DATA LISTING Start Marker

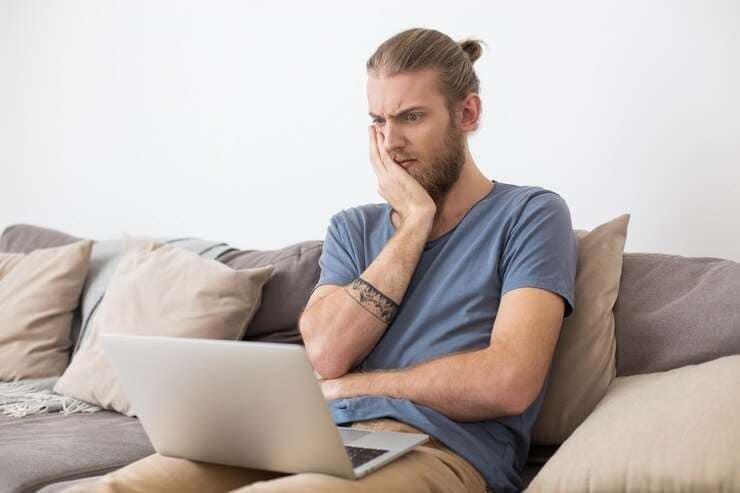 Homem sentado irritado enquanto usa um laptop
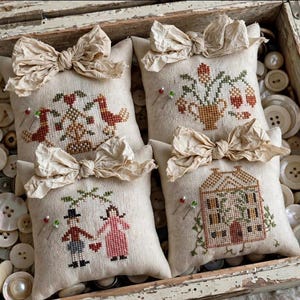 Puede incluir: Cuatro pequeños alfileteros cuadrados de tela beige, cada uno con un lazo de tela arrugada. Los cojines presentan diseños en punto de cruz de dos pájaros, un jarrón floral, una pareja y una casa, colocados entre botones de color blanco.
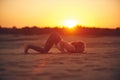 Young woman is doing yoga asana Ashtanga Namaskarasana - eight limbed salutation pose in the desert at sunset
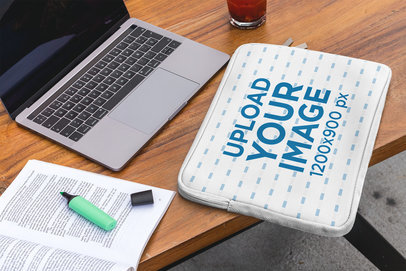 Mockup of a Laptop Sleeve Placed over a Working Desk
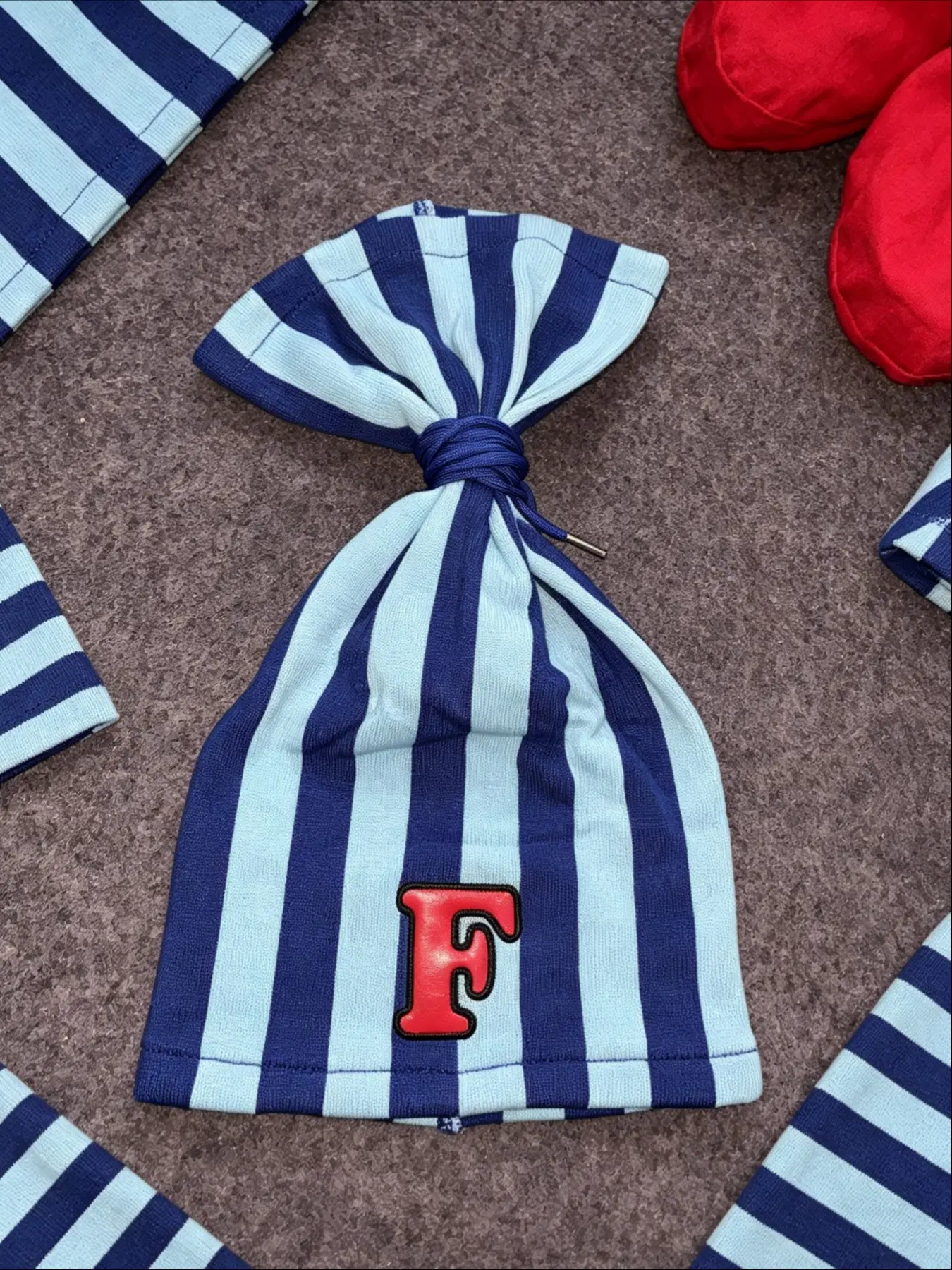 Unisex Striped Warm Hat with Knot Top and Letter F Embroidery, Y2K Street Fashion Accessory, Headwear for Men and Women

DATA LISTING End Marker

*WHAT IS NEEDED:*
The data shown above must be printed again exactly, with no images included.

*EXERCISE SOLUTION:*
 Homem sentado irritado enquanto usa um laptop
 Puede incluir: Cuatro pequeños alfileteros cuadrados de tela beige, cada uno con un lazo de tela arrugada. Los cojines presentan diseños en punto de cruz de dos pájaros, un jarrón floral, una pareja y una casa, colocados entre botones de color blanco.
 Young woman is doing yoga asana Ashtanga Namaskarasana - eight limbed salutation pose in the desert at sunset
 Mockup of a Laptop Sleeve Placed over a Working Desk
 Unisex Striped Warm Hat with Knot Top and Letter F Embroidery, Y2K Street Fashion Accessory, Headwear for Men and Women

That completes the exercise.